:: Work instructions ::
Below are records; print only the lines from the line containing "Life and Pride" to the end, both included, reproduced exactly and without the pictures.

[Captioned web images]
== == ==

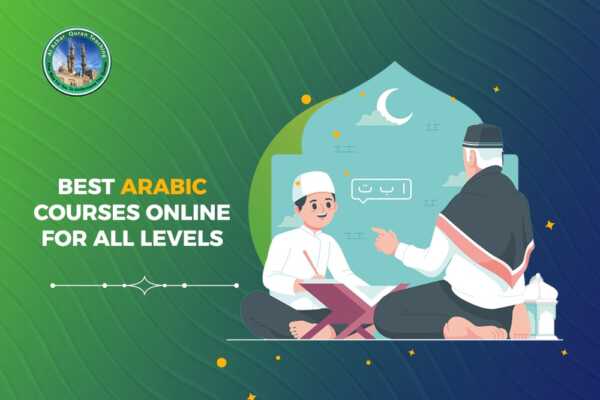 Best Arabic Courses Online for All Levels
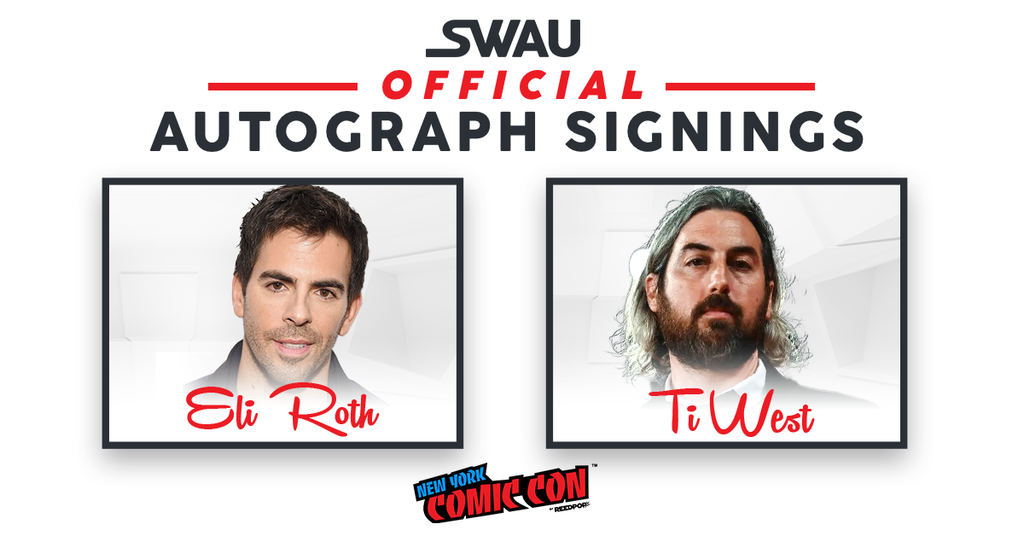 Eli Roth and Ti West to Sign for SWAU!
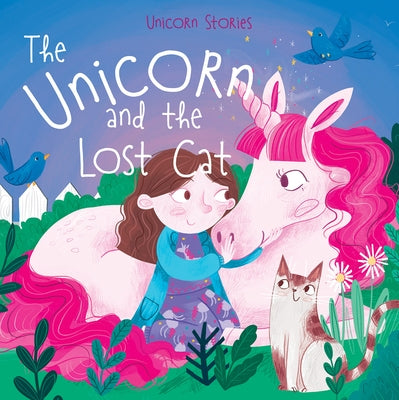 The Unicorn and the Lost Cat by Philip, Claire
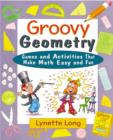 Image for Groovy geometry: games and activities that make math easy and fun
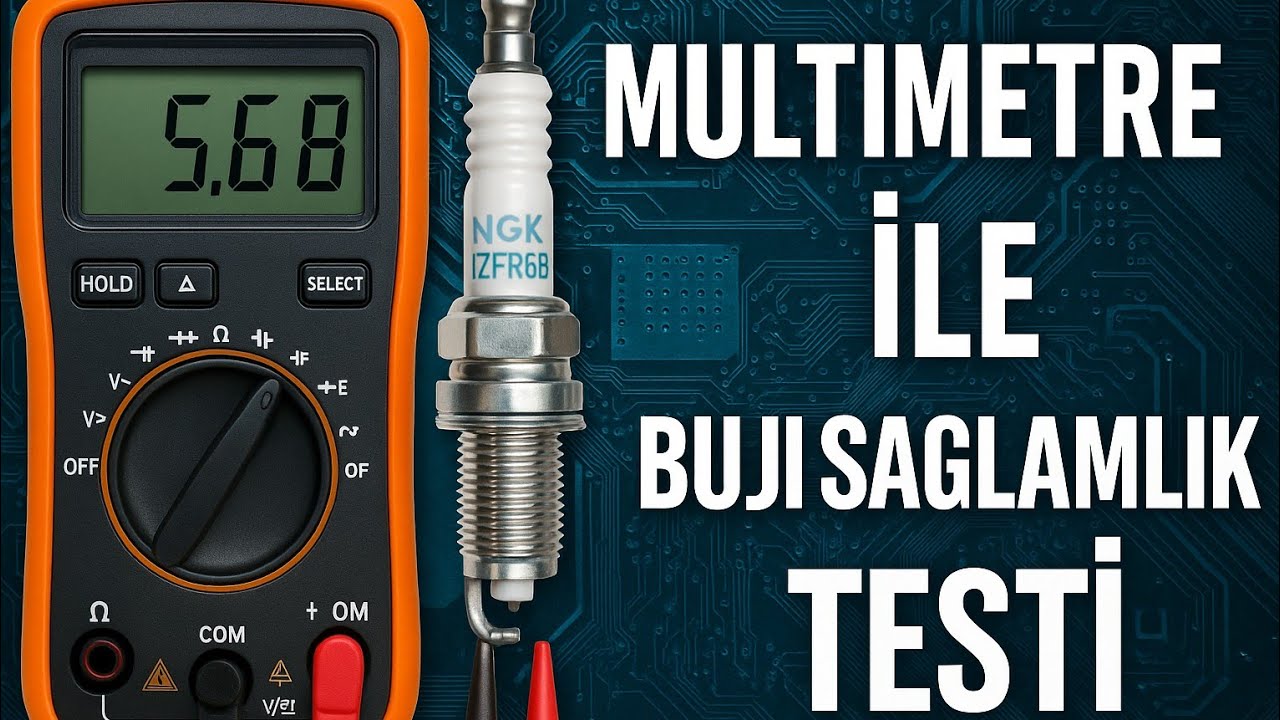 Buji Ömrünü Basit Multimetre Yöntemiyle Ölcebilirsiniz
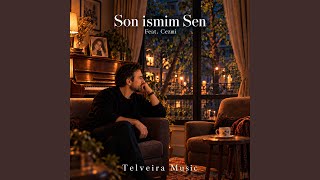 Son İsmim Sen (feat. Cezmi)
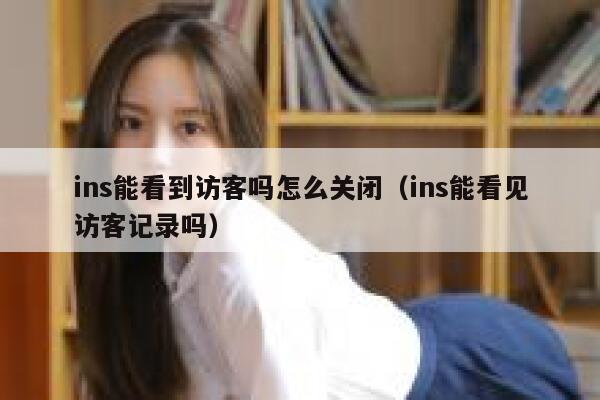ins能看到访客吗怎么关闭（ins能看见访客记录吗） 第1张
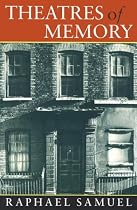 Theatres of Memory: Past and Present in Contemporary Culture v. 1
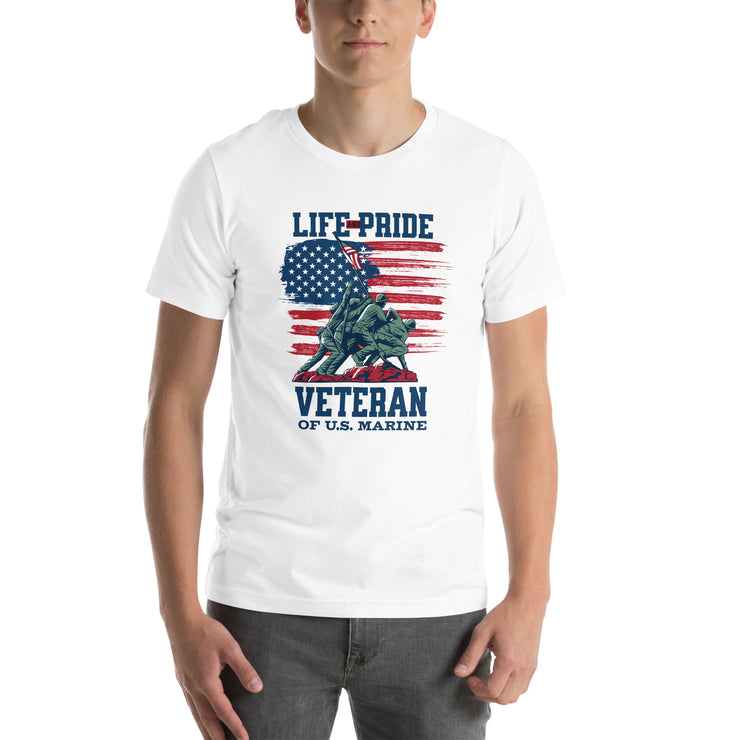 Life and Pride Veteran of US Marine - Memorial Day - Veterans Day - Marines - Unisex t-shirt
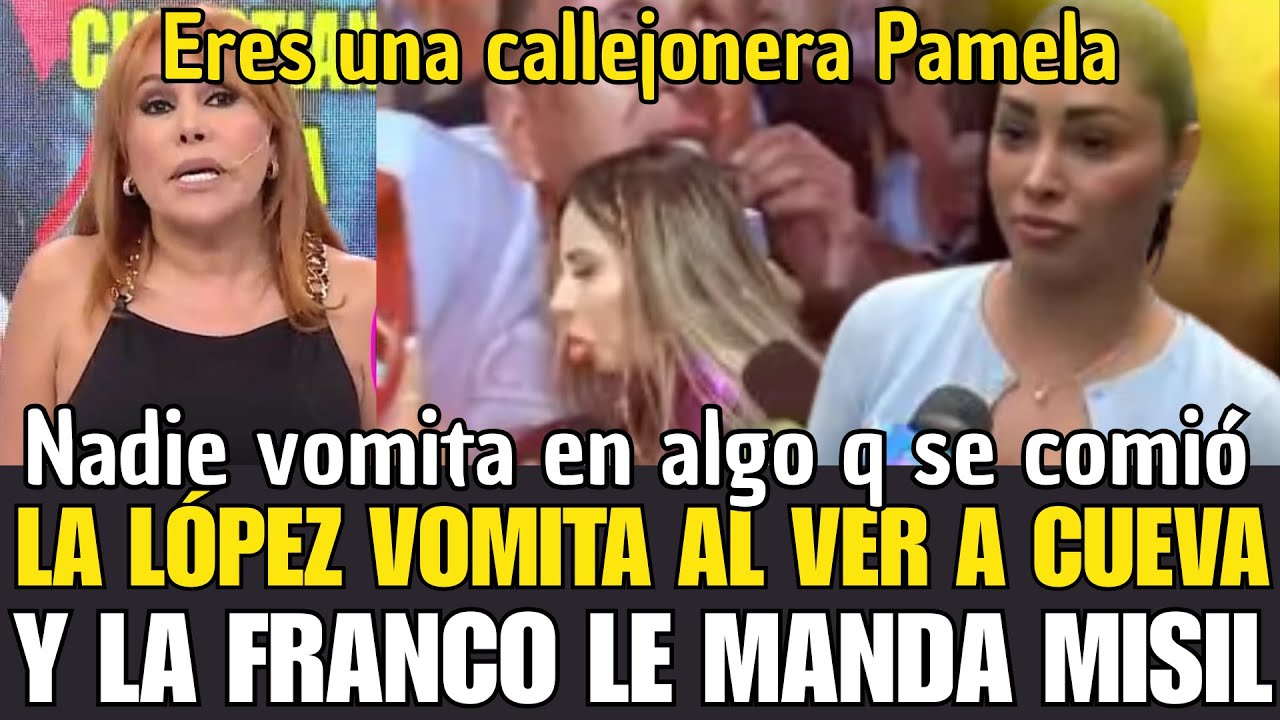 Pamela L&oacute;pez vomita al ver a su Ex Cueva y la Franco le manda tremendo misil q Magaly llam&oacute; vulgar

== == ==

:: Answer space ::
 Life and Pride Veteran of US Marine - Memorial Day - Veterans Day - Marines - Unisex t-shirt
 Pamela L&oacute;pez vomita al ver a su Ex Cueva y la Franco le manda tremendo misil q Magaly llam&oacute; vulgar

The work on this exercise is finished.